Penal Code section 1036.5 states: "Following the resolution of pre-trial motions, and prior to the issuance of an order under Section 1036 or the transmittal of the case file for the purpose of trial to the court to which venue has been ordered transferred, the court may, upon its own motion or the motion of any party and on appropriate notice to the court to which venue has been transferred, set aside its order to change venue on the ground that the conditions which originally required the order to change venue, as set forth in Section 1033 or 1034, no longer apply." (Italics added.) By directing the transfer, the majority nullify the authority of the trial judge to determine whether a fair and impartial trial can now be held in Placer County.

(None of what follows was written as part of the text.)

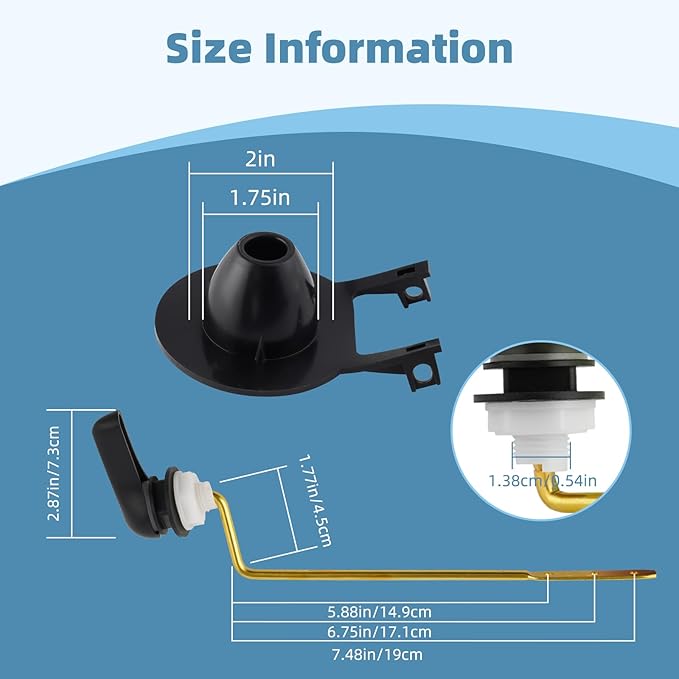 iFealClear Universal Toilet Handle Replacement Kit Side Mount with 2-Inch Rubber Toilet Flapper, Toilet Tank Parts Compatible with Kohler, American Standard, TOTO, Mansfield, Angle Mount-Matte Black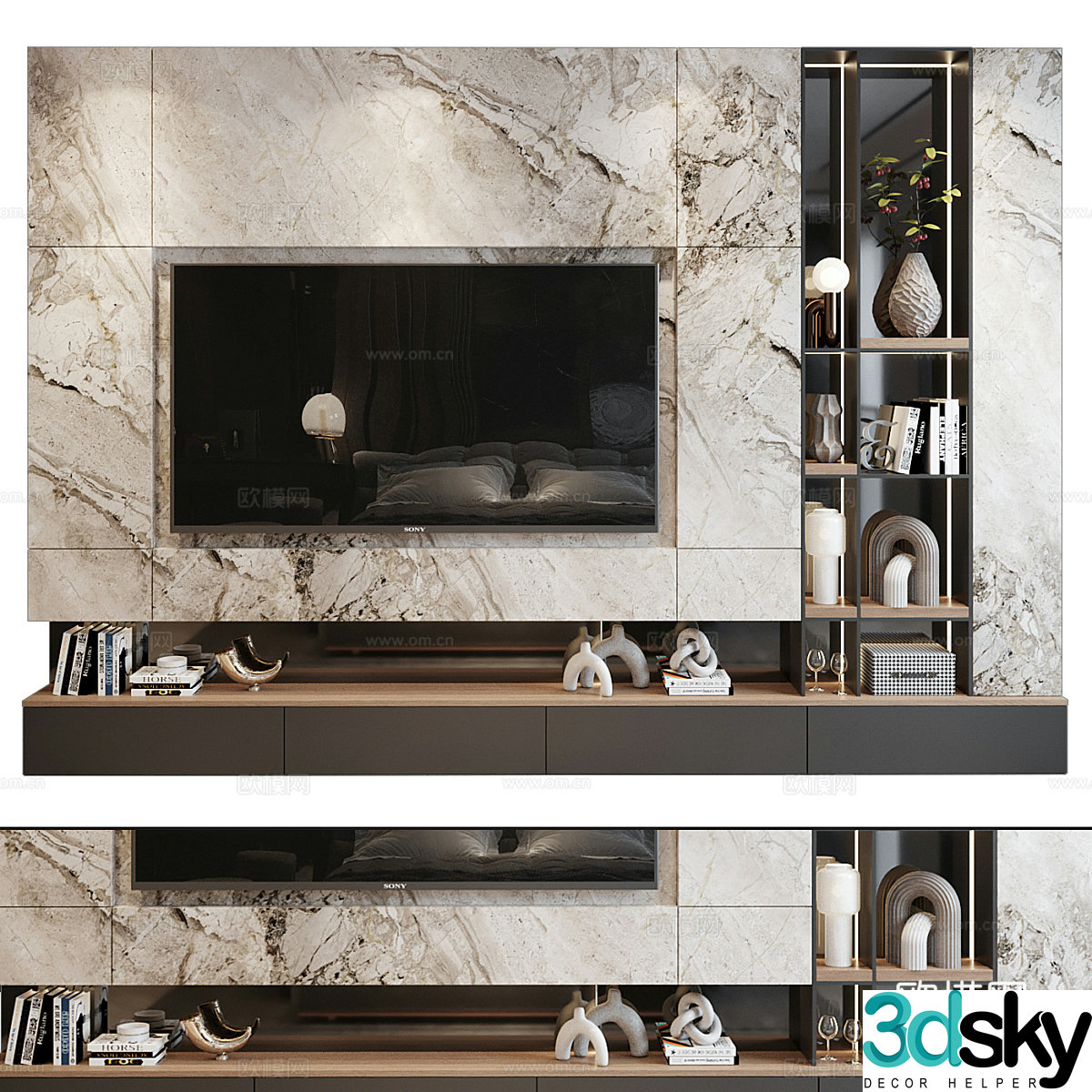 Modern Italian light luxury TV background wall 3d model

The majority offer neither authority nor explanation for this departure from the statutory command that the case be returned to Placer County or for the invasion of the trial court's prerogative to determine the proper venue. Eight years have passed since the trial in this case. There is no reason to believe that the publicity which pervaded the community in 1981 has continued or will be renewed. The small size of a county should not give rise to a presumption that a defendant cannot obtain a fair trial in a publicized case, particularly one in which the interest of the media and the public may well have diminished by the time of trial. The assumption apparently underlying the belief of the majority that a transfer is necessary is particularly inapt in this case since Placer County is one of the fastest growing counties in the state and may now provide a fully adequate jury pool.
On remand to Placer County defendant would be free to renew his motion for change of venue, and the superior court free to evaluate it in light of contemporary conditions. The defendant's rights would, therefore, be fully protected.
The estimated 1988 population of Placer County is 151,800, a substantial increase over the 1980 figure of 117,247. The projected population in 1990 is 167,568. (Horner (edit.), Cal. Cities, Towns, Counties (1989) p. 481.)
I would reverse and remand without directions. (See Pen. Code, § 1262.)